Source records:
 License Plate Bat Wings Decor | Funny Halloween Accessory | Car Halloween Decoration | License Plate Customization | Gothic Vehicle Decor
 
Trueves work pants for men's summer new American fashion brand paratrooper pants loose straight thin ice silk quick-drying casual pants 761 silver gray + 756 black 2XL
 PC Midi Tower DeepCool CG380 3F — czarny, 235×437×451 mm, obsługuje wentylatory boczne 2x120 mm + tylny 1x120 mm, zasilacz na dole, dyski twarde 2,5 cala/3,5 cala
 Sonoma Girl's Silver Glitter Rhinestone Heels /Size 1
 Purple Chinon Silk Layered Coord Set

---

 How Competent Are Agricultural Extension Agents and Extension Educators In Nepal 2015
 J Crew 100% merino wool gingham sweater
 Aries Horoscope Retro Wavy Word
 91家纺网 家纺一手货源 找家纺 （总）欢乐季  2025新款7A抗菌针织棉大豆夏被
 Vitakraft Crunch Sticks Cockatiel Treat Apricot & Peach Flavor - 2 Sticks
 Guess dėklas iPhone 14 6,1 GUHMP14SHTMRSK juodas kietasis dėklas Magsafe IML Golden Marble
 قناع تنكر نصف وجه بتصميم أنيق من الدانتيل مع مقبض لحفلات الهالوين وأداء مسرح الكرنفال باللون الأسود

• **PROBLEM STATEMENT**
Only the lines above from the one with "Guess dėklas iPhone" up to and including the one with "قناع تنكر نصف" should be repeated, exactly as written.

• **TASK RESPONSE**
 Guess dėklas iPhone 14 6,1 GUHMP14SHTMRSK juodas kietasis dėklas Magsafe IML Golden Marble
 قناع تنكر نصف وجه بتصميم أنيق من الدانتيل مع مقبض لحفلات الهالوين وأداء مسرح الكرنفال باللون الأسود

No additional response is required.